Ipojuca Pontes
Havia no Rio de Janeiro da era JK um humorista de muito talento chamado D. Rossé Cavaca. Ele vivia em cima de uma lambreta, trafegando entre várias redações e revistas, atrás de uns trocados para sobreviver na sua luta diária de classe media baixa. Mas, pelos jornais, num contraponto maldito, Dom Rossé só tomava conhecimento dos gastos perdulários da construção de Brasília, passando pelos escândalos ministeriais e as propinas pagas pelos empreiteiros para obter dos políticos contratos de obras faraônicas, além das viagens dos burocratas com ajuda de custo em dólares e dos empregos milionários oferecidos aos filhos dos malandros de plantão. O humorista sofria.
Num dia de verão, sol a pino, desesperado com a própria situação e o bombardeio do noticiário permissivo, Dom Rossé saltou de sua lambreta na esquina da Avenida Rio Branco com a Presidente Vargas, voltou-se para a igreja da Candelária, levou as mãos aos céus e bradou: “Meu Deus, que corrupção é esta que a gente morre e nunca alcança!...”

Bons tempos! Hoje a situação mudou muito e pode-se dizer que todos, ou quase todos, de alguma forma, em maior ou menor escala, são ou estão envolvidos pelo manto gotejante da corrupção. Vejamos, por exemplo, o caso da presidente Dilma Roussef, do PT, partido de esquerda que veio à cena pátria para instalar “a ética na política”. Sob seu governo, em pouco mais de um ano, caíram nove ministros, sete dos quais envolvidos em denúncias de “irregularidades” e “malfeitos” – sinônimos de corrupção braba, suborno, peculato, nepotismo e desvio de dinheiro público.

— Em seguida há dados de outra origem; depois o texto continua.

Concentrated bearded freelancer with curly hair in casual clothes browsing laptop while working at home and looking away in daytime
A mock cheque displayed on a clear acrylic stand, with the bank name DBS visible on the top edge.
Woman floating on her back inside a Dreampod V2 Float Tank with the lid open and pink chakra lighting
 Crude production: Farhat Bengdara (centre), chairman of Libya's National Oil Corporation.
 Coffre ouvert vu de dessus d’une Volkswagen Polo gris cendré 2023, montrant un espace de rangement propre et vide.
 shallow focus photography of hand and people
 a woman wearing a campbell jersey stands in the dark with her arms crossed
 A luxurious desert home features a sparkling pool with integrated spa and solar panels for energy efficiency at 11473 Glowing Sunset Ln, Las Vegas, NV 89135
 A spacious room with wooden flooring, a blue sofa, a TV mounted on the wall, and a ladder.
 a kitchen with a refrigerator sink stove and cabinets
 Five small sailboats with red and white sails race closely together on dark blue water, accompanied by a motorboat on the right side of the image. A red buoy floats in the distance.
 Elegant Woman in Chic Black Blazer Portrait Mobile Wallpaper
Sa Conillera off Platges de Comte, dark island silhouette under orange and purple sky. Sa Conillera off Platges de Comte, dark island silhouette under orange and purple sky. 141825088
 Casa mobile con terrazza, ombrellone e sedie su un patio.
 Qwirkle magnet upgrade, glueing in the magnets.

Eis um resumo da sinistrose: em junho de 2011 cai o chefe da Casa Civil, Antonio Palocci, pressionado por explicações pouco convincentes de como multiplicou por vinte, em breve período, o seu patrimônio pessoal; logo depois cai o ministro da Agricultura, acusado de manter no ministério um escritório clandestino para fechar negócios escusos; em seguida, após denúncias de que o patrimônio do filho teria crescido 86.500%, tomba o ministro dos Transportes; mais tarde, um quarto ministro, o do Trabalho, dizendo-se tocado de amor eterno pela presidente, deixa o cargo sob a acusação de cobrar propinas envolvendo ONGs que mamam grosso nas tetas da viúva; por sua vez, em data mais recente, o ministro dos Esportes, do PC do B, deixa o cargo acusado de permitir a exploração de propinoduto para o caixa dois do seu partido em cima de R$ 40 milhões de programa social; o sexto ministro, Pedro Novais, do Turismo, perdeu a pasta “pelo conjunto da obra”, com destaque para pedido de ressarcimento ao erário de gastos com despesas de motel; finalmente, pelo menos por enquanto, temos a queda de Mário Negromonte, do ministério das Cidades, baiano que pediu demissão depois que um chefe de gabinete, com seu aval, foi acusado de adulterar documento de obra para implantação de veiculo leve sobre trilhos, em Cuiabá, no valor de R$ 1,2 bilhão.
(Detalhe: o substituto de Negromonte, Aguinaldo Ribeiro, ao assumir o ministério das Cidades, foi acusado de cometer improbidade administrativa quando exercia o cargo de secretário de Agricultura do Estado da Paraíba – acusação que repudiou, com veemência, por se tratar de “assunto já vencido”).
Mas, sejamos sinceros: a rigor, a corrupção não reina apenas no primeiro escalão do Executivo. Ela se alastra como praga ruim nos três poderes, onde funcionários graduados, assessores especiais, bagrões comissionados, bagrinhos, desembargadores, juízes, parlamentares, etc., vivem atolados nesta pandemia que destrói os alicerces morais (e psicossociais) da nação, visto que hoje já não se põe mais em dúvida que a corrupção instituiu-se no país como ferramenta do poder, transformada em moeda obrigatória nas relações de troca entre governo, partidos políticos e – vá lá - a “sociedade organizada como um todo”. De fato, o sistema em andamento banalizou de tal modo a corrupção que a simples idéia de se ver um ministro malfeitor por trás das grades, leva a patuléia ignara ao frenesi.
O velho Marquês de Maricá (1773-1848), que também foi ministro da Fazenda e conselheiro do Império, costumava dizer, em tom ácido, que “um povo corrompido não pode tolerar governo que não seja corrupto”. Há quem garanta que o Marquês não se referia ao povo brasileiro. Até porque o nosso povinho miúdo parece ignorar que ele próprio, trabalhando incansavelmente e pagando tributos, é quem mantém solerte a pandemia corrosiva.